Ethnic Marketing Campaign: Land O Sun Dairies
To build brand interest and preference among Latino consumers, PET implemented marketing tactics to grow market share, build consumer trial and establish and protect brand preference. Utilizing radio, a bilingual banner (the PET tagline in Spanish and English) and kid’s activities booklet (bilingual PET branding, dairy benefits message and games to bicultural youth), the company increased awareness by effectively positioning PET Dairy’s milk and ice cream products to the main purchase decision makers in the Hispanic consumer base (women, children and men living alone).
Ethnic marketing opportunities
Mario Fernandez, president of Miami-based Webeco Foods, a leading importer of authentic Hispanic-style cheeses, discussed the burgeoning Hispanic dairy market at the 2005 Wisconsin Cheese Industry Conference in April:
Statistical Excerpts
Hispanic consumers favor authenticity over price.
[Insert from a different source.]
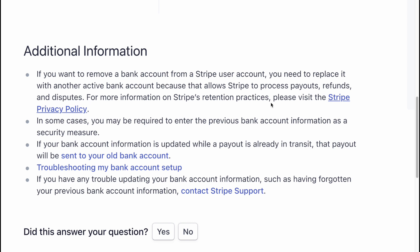For more information, you need to visit our article. In some cases, you may be required to enter the previous bank account information as a security measure. If your bank account information is updated while a payout is already in transit, that payout will be sent to your old bank account. You can find the troubleshooting article on our website.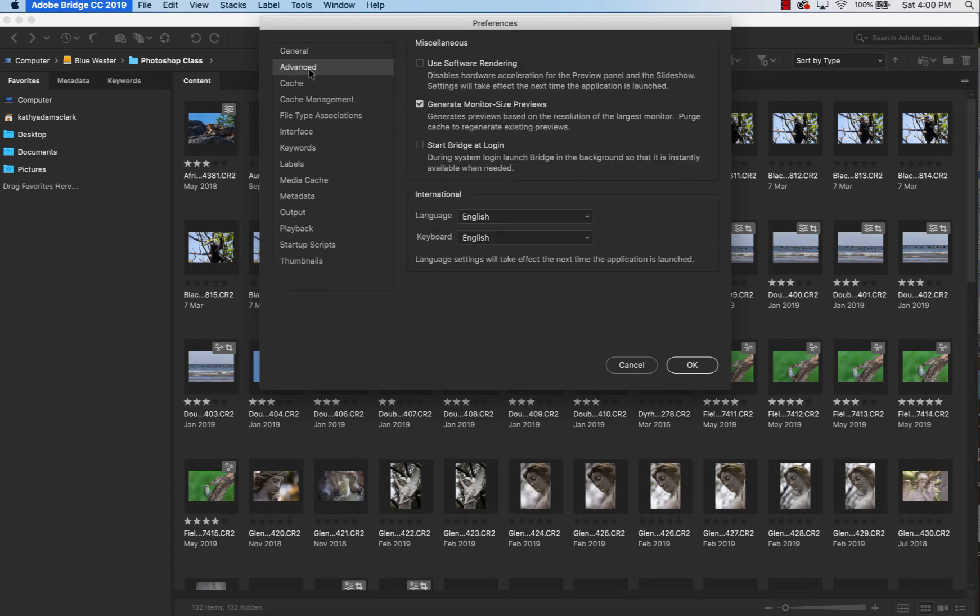Advanced. We're going to use Generate Monitor Size Previews. Leave everything else unchecked, and then change your language.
The reputation of U.S. cheese has grown dramatically in recent years; more U.S. cheese is being sent abroad. There are limits on the amount of some imported cheeses that can be brought into the United States, presenting an opportunity for U.S. cheesemakers to make comparable products.
U.S. Hispanic population is 37.4 million, or 13.3 percent of total population; projected growth is expected to double over the next 30 years.
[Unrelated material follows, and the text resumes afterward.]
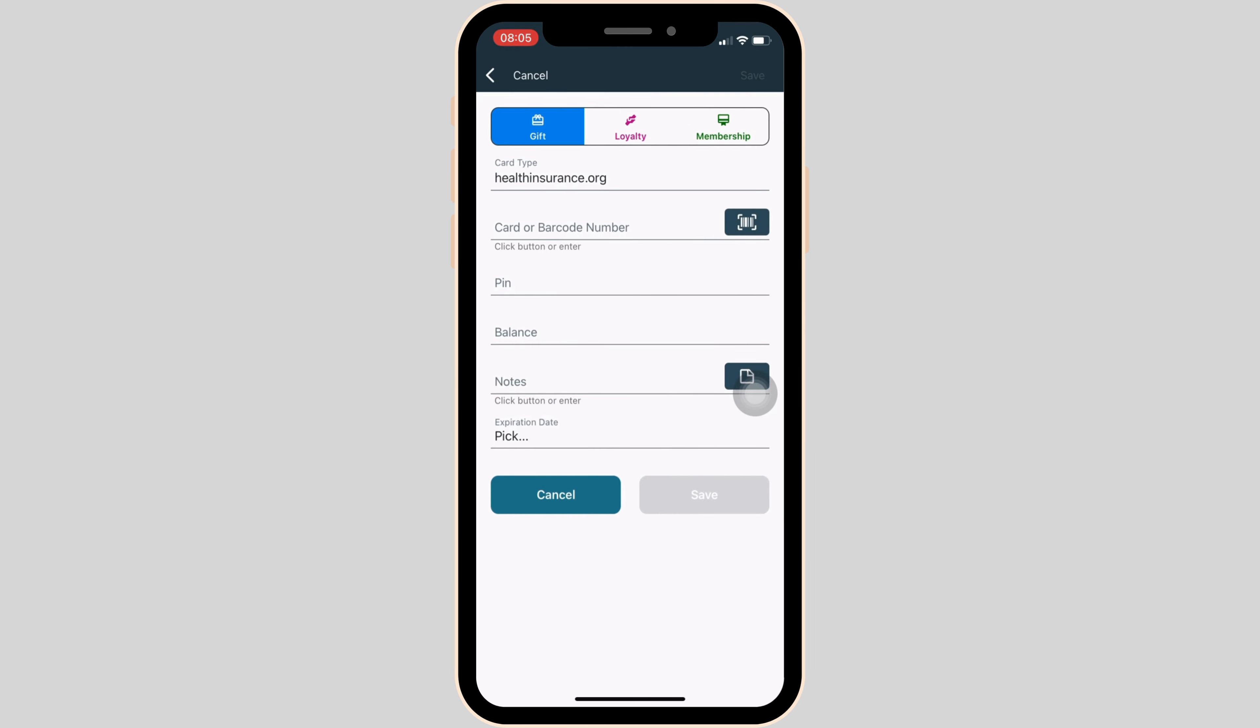You will be landing on this screen. In this space, you simply have to enter the detailed information of your health insurance card. First, enter your card or barcode number, then enter the PIN, balance, notes, and also the expiration date of the card.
Buying power of Hispanics in the United States: $280 million in 1990, $630 million today, $976 million by 2007. Hispanics spend more of their disposable income on food, a big part of that being cheese.
Emerging growth areas for Hispanic populations include Massachusetts, Washington, Pennsylvania, Nevada, North Carolina, Virginia, Michigan, Connecticut, Oregon and Maryland.
Key Products
Caribbean Hispanics — Edam and gouda cheeses.
Mexicans — Cotija and queso fresco.
Central/South Americans — Queso seco  and cremas (dairy toppings).
Queso freir or “frying cheese”— typically Dominican and Colombian, now crossing over into other Hispanic subgroups; part of most meals.